Some say a man went there and never came back.  Others say an octopus lives under the water.  Some say a man threw a dog in, and the dog disappeared.  Still others believe some kind of a god or spirit lives there and controls the weather.  They explain that it was once angry and made it so windy that the roofs blew off the houses.  Several volunteers go to see it anyway.  That night, the windstorm is one of the strongest windstorms I’ve ever been in, or at least it feels that way under my clattering tin roof.  A roof of a house in the village gets torn off, and I’m sufficiently convinced that the spirit in the lake does not want us to go there.         

--------

I go stomping through the knee-high grass in my Sunday best.  Now I know why make and bhuti donned knee-high rubber boots for our expedition.  “Should I be worried about snakes?” I ask, slightly terrified. 

“No.” 

“There aren’t snakes here?”

 “There are.  I will give you something to protect you.  Then the snakes won’t bite you.”  I am very grateful for the kindness, but I think I’ll wear the rubber boots next time just to be on the safe side. 

-----

I ask make if Peace Corps can install a lightning rod on the homestead.  “No,” she tells me, visibly upset by the question.  She pauses for a few minutes, stirring the porridge on the stove.  I sit there awkwardly, telling her it’s ok, but that Peace Corps wanted me to ask.  “It’s just that there are witches in this country,” she tells me.  “They put something in the pole to make the lightning come more.” 

____

We are sitting in our informal classroom, having a cross-culture session on Swazi traditions.  Our trainer tells us about the ceremonies leading up to the annual reed dance (celebrating Swaziland’s young maidens).  She tells us that if the reeds a girl cuts end up wilting or molding by the time she makes it to the royal kraal, she is not actually a virgin, and she must pay a fine for lying.  Several students vocally protest this with an American sense of scientific reasoning.  There is no way for a reed to be a scientific test of virginity.  “There is!” she protests.  “I have seen it!”  Apparently, the guilty girls are taken to be examined by some doctor, and the doctor performs a physical exam before they are fined.  “But it has never happened that they are virgins.  Never have they been virgins.  The reeds are always right,” our trainer insists. 
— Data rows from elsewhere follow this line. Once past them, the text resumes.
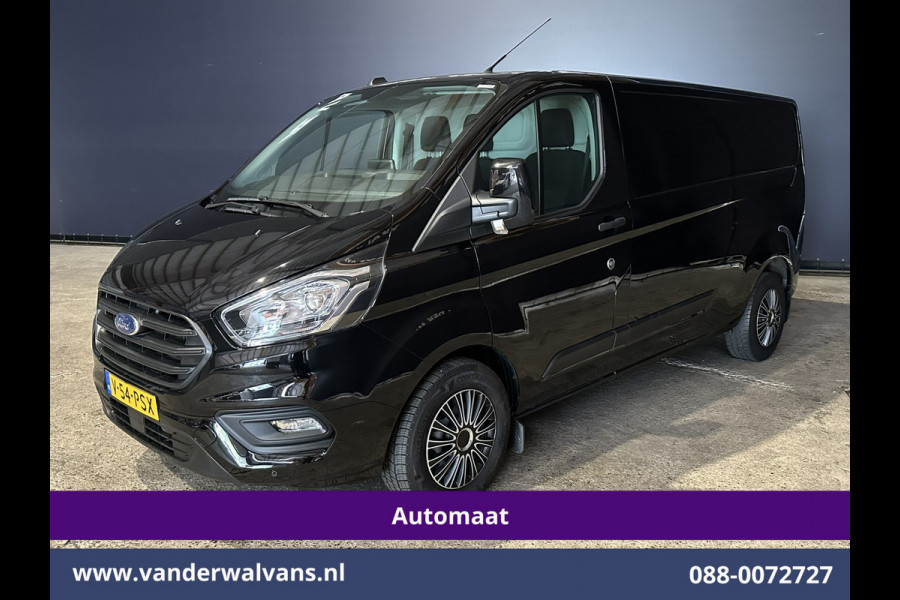 Ford Transit Custom 2.0 TDCI 131pk Automaat L2H1 Euro6 Airco | LED | Apple Carplay | Cruisecontrol Android Auto, Verwarmde Voorruit, Parkeersensoren, Bijrijdersbank
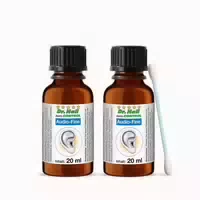 Dr Hall Audio Fine Ohrenpflege Öl, 2er Pack 2 st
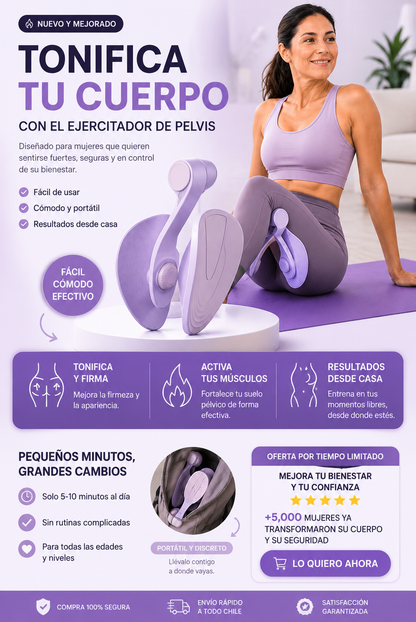 EJERCITADOR DE PELVIS EN CASA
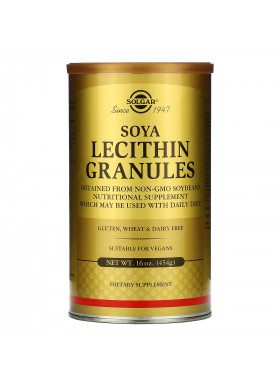 Solgar, Soya Lecithin Granules, 16 oz (454 g)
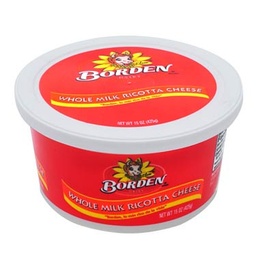 [11203] BORDEN RICOTTA CHEESE 15 oz   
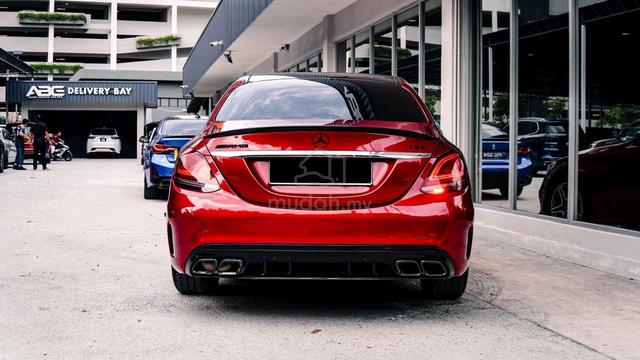 Mercedes Benz C200 2.0 AMG CONVERT C63 L.SEAT 2021 - 4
We insist back that this is not scientifically rational.  We try to understand, but our minds are grasping at straws.  “I don’t understand!” one student exclaims in frustration. 
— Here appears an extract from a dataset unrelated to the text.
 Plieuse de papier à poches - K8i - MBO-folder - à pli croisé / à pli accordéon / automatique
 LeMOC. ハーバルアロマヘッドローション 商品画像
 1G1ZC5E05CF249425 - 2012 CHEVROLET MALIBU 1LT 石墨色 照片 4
“No you can’t.  You will never understand because you are not a Swazi,” our trainer ends the discussion. Her words haunt me for a long time afterwards.    

Most meetings in Swaziland are started with a prayer.  Many include a religious song that everyone joins in on.  Our little clinic begins each day by having all the staff (anywhere from 3 to 5 at one time) huddle into the little waiting room where the first patients are already sitting.  The patients who don’t know me yet stare openly at the Mlungu during the prayer and hymn.  I imagine they wonder what I am doing here… if I am a doctor…if this means that their wait will be shorter or their care will be better today….
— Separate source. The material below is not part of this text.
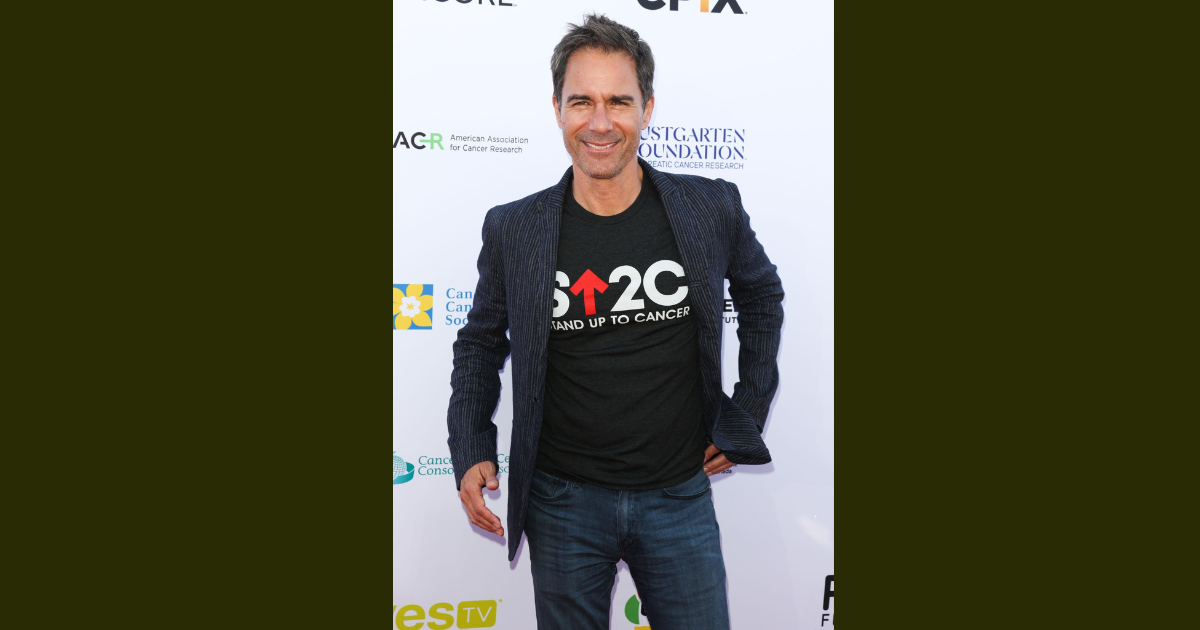 Eric McCormack brings personal connection to national prostate cancer campaign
I stare back at the patients.  I try and diagnose by sight what ails them, wondering and judging about who might have HIV or TB.  I wonder how many mouths they have to feed at home…how they are going to muster the strength to walk the long way home... If they know that the strongest painkiller we have is one that won’t even knock out light headaches for me.

As we sit opposite each other- scrutinizing one another- I am overwhelmed with a sense of helplessness and worry for them.  But by now, the morning hymn has started.  Gravelly voices and strong ones sing in a round, and the music begins to drown out my helplessness.  My fear and anxiety about myself and for the patients pass, and only the hymn remains.  It fills me with an aching comfort and a sense of peace.  It lingers in the air for a few moments after the singing is over.   If that’s not God, I don’t know what is.